I feel behind and uncertain of my journey all the time, but somehow I still manage to make a way...
Back during the summer of 2013 I came across this dope cropped hoodie online.
I loved the look of it, real sporty and kinda fly, all me. I eyed it up until nearly the end of that summer when it, unfortunately, became completely sold out. Of course I was devastated, but in order to get what I wanted, I was still willing to ‘make a way out of no way.' So, in my usual fashion--no pun intended--I scoured the internet for a similar hoodie. I finally found the one and decided I would just crop it to get the look I wanted, but it ran at $56. These were leisure funds I clearly did not have at the time. Being the broke recent college grad I was, I sat on it.
Later that same summer I visited my old high school teacher and friend in NYC for the first time. During my last few days there I was determined to thrift a men’s hoodie that I could crop to save myself the energy and money I stressed over before. Low and behold, I got this dope vintage UC Berkeley sweatshirt and made it into what I wanted--the results turned out even better than I even anticipated, as you can see.
I have always been someone who has figured out how to ‘make a way out of no way,' even when I didn't think I could.
Creativity has been the lifeline to my authenticity and love for life. These days, in spite of the proper credentials received, this idea of ‘making a way’ for my generation has become more of a hassle due to improper funds or the right job. As you would know it, there are not too many people giving out too many of those, even with the proper credentials in hand. Add being a creative to the mix--when you want to do what you love while making ends meet is that much harder.
It seems like more and more creatives such as myself and even some of my friends, cannot find the door let alone get close enough to stick our foot in one.
Even with the vigor, the incessant need, and the desire to achieve and work our way up in a field we truly love, all of the obstacles certainly do not make it any easier. Many of us end up taking dead-end, never-ending soul-sucking jobs that prey on our inherent need to survive and make money while exploiting that valid need and draining the lights that fuel our want and need to create.
Many people do not realize that getting a job outside of fast track fields such law, medicine, or engineering hardly garner any real attention.
The job search has completely evolved since they were halfway giving out employment in the 80s and 90s. Nowadays you are lucky to get a call back from a company saying they do not want you. With the cost of living tripling over the last few decades, finding the means to support a livelihood stays at the forefront of our mind no matter what we may think our true purpose is. I hate knowing that after all the years I spent in school--which many people told me would guarantee me a job--in addition to the work I have done and the foundation I have laid for myself, I still have more ‘dues’ to pay in experience. It makes dreams and goals seem that much further away in the process of trying to attain them.
Aside from these inherently annoying aspects that come with moving further into adulthood, I am more than aware of my ability to make things happen regardless of the ever-mounting odds in front of me.
I feel behind all the time, like I didn’t pick the right major and program, I did not realize what I truly wanted to do soon enough.
And so, this uncertainty landed me in this precarious and agitating space that stretches me more than I’d like. I wonder all the time if I messed up along the way and if all of this strife could have been avoided. But I try to keep in mind that I’m right where I need to be whether I feel like I am or not. I am positioned right where I need be. And much like I did when I couldn’t get my hands on the hoodie I initially wanted, I am back to ‘making a way out of no way’ except this time... it is in regards to my creative purpose and life.
But that just makes the process and trip to the top that much more worthwhile.

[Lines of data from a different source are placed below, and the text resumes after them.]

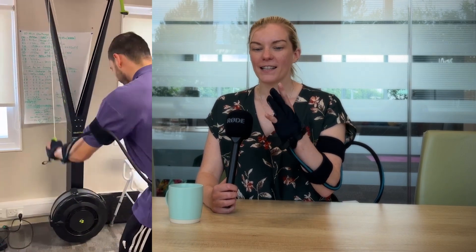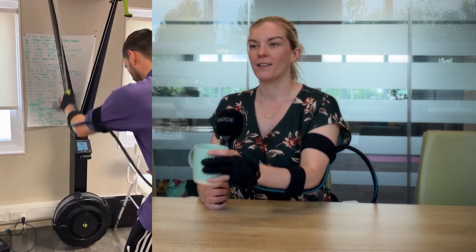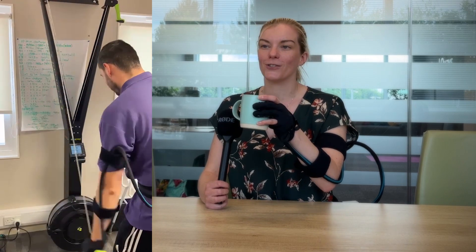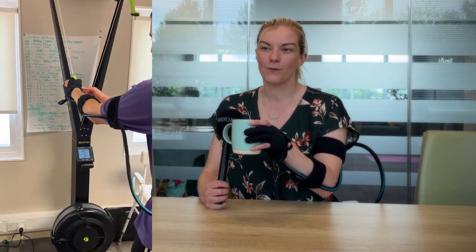Clinicians in rehab settings are integrating the Carbon Hand with other functional arm exercises, making them more applicable to daily life. For example, if you're working on arm raises with a cable machine or pulleys, it can be tricky to understand their purpose without functional hand use. But if you add a pulley grip or ask someone to grip a cap, the movement becomes far more functional and motivating.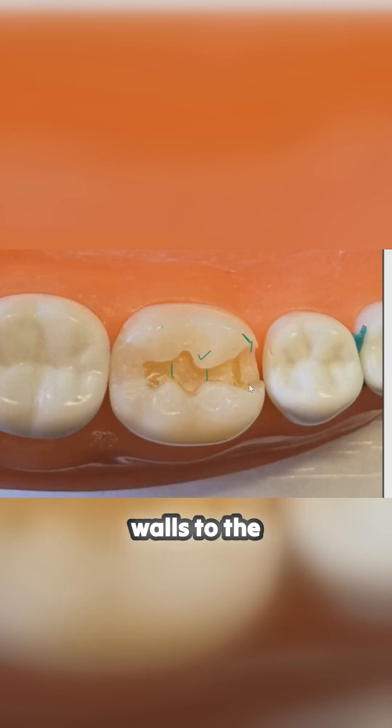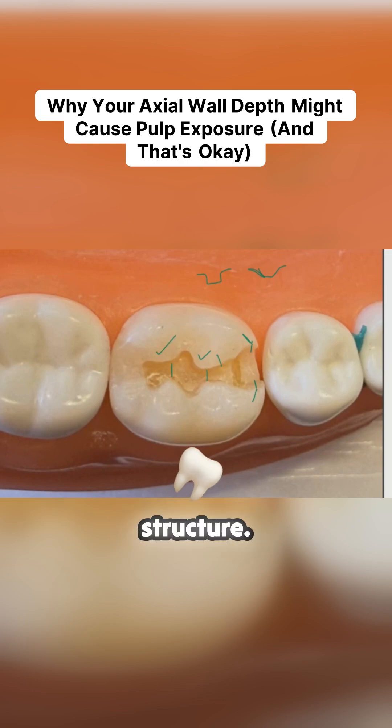From your walls to the surface of the tooth, you want to be going at a nice sharp 90 degrees. You don't want to create a prep that's kind of like this — you want to make it a nice box shape. And I think you have that; you got that sound tooth structure.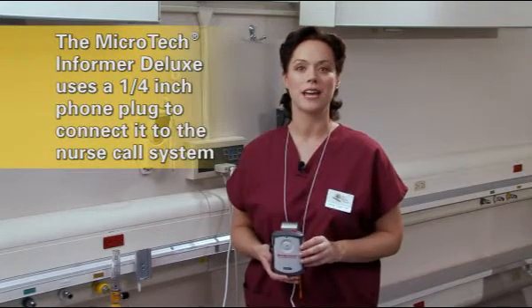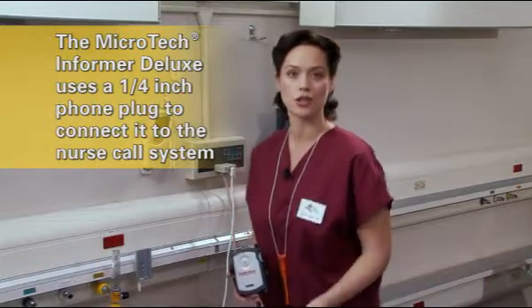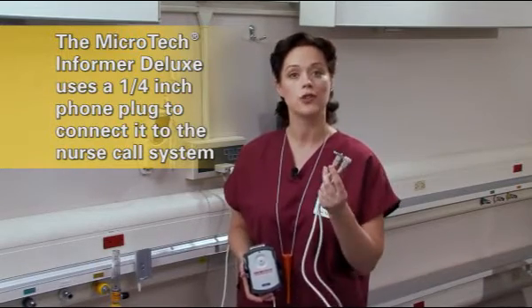The flashing lights on top of the monitor will still allow staff to see which unit is alarming. The Microtech Informer Deluxe uses a quarter-inch phone plug to connect it to the nurse call system. This is one of the more common styles of nurse call connectors.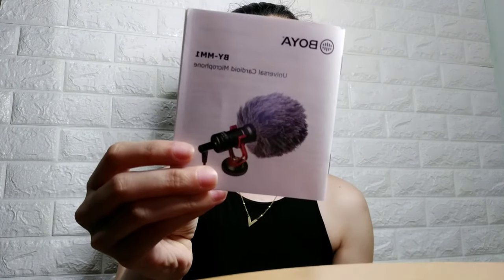And then, ito yung nasa loob ng box. May manual, warranty card. Yun yung maganda sa kanya — may warranty siya. Kasi usually kung kinama mo sa Shopee is wala siyang warranty. One year yung warranty niya. Kailangan mo lang itago yung delivery receipt kasama itong warranty card.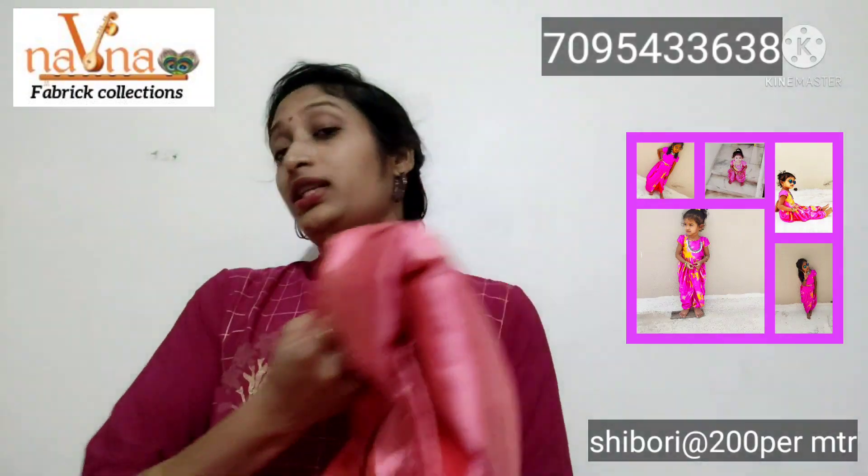This fabric is very lightweight, and the Shibori Print is available in 2 colors.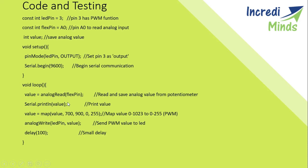The value from the flex pin will range from approximately 700 to 900, so we map this range from 700–900 to 0–255. We then write this mapped value to the LED pin using analogWrite. As the flex sensor resistance changes, the LED brightness changes accordingly.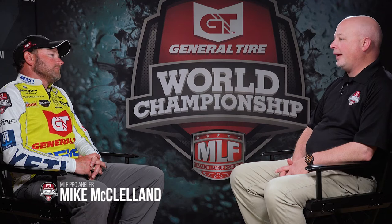Hello everybody, I'm Lynn Burkhead from MajorLeagueFishing.com. I'm with Mike McClellan, and Mike McClellan is a very successful angler for several reasons. Number one, he's pretty good at fishing. Number two, he's pretty good at picking the right bait. There was something called a War Eagle spinnerbait that began to factor into the success in your career.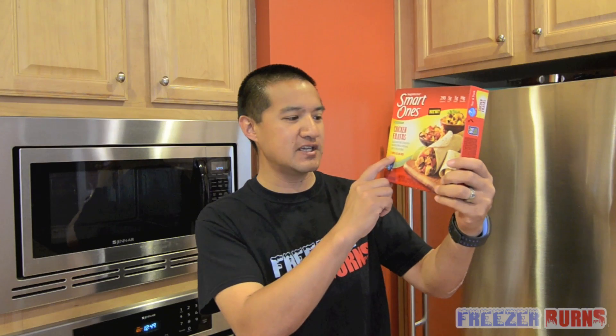Today, I'm reviewing this. Brand new from Smart Ones, it's the Smart Ones Chicken Fajitas. Grilled white meat chicken with seasoned pepper and onions and a side of rice and beans. Two tortillas included, seven Weight Watcher points plus, and $2.50 for this box.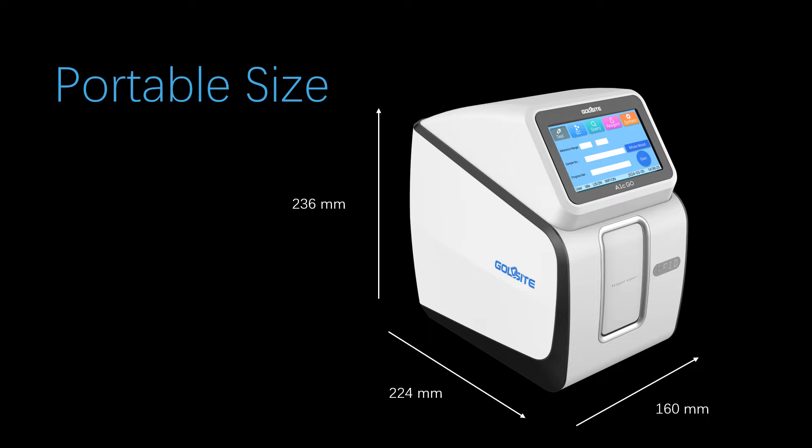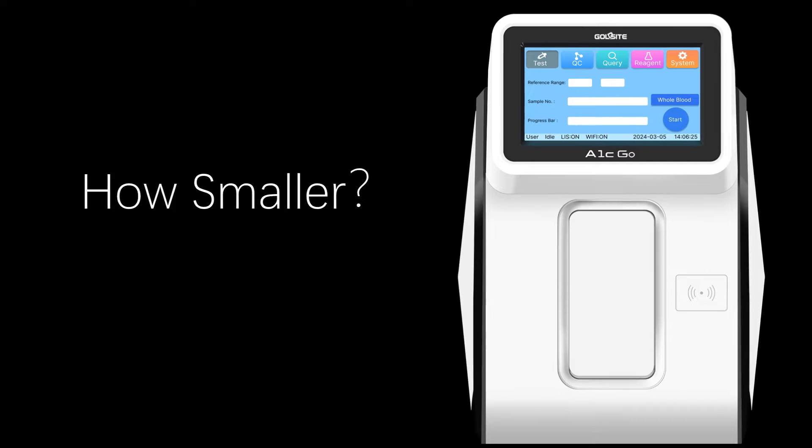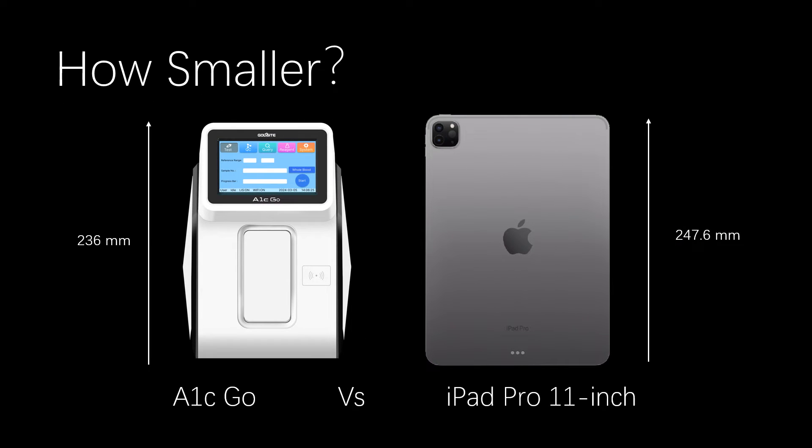It features a compact, portable size. Here is a comparison of its height with an iPad Pro 11-inch, showing how small the analyzer truly is.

I admit that recently I made the excuse of being too tired to do the additional work to truly ‘make a way’ after being in school for a thousand years and working temp jobs for what feels like a decade, but I realize it is an essential part of the hustle, and I can't keep sleeping on myself and my abilities. I don’t want to just work, I want to work doing what I love. When you feel like you have been working your whole life, working from the ground up can skew your reality of what it means reap the rewards of your labor. It's like, that's why they told you to school, right? To be ahead of the game and have a job waiting for you, right? What happens when you do all that and you're still struggling and cannot meet all the expectations set up for you to get a job following suit? You form a support system, build a network, putting yourself out there by knocking on all the doors, and you put your talent and ability on display for the world to see because whether or not somebody else recognizes it right away, you do first and that’s what I’m learning is going to reveal the door and get your foot in it.
This is a reminder to keep going...
No matter what your dreams are, no matter how old you are, no matter where you are in life or how far you have to go, you can get to where you want to go. I realized at the beginning of this journey, as long as I believe it, it is real and attainable. Faith in yourself and your abilities is going to be an essential tool on your journey, and as someone who is right in the middle of theirs, I urge you to hang on to that belief in yourself. That will be your light to guide you through your darkest moments. While others will slowly but surely begin to realize your light, your talents, and their depths, remember that you recognized it first and that’s what matters most. Even in the face of struggle and hardship, never forget there is always a way.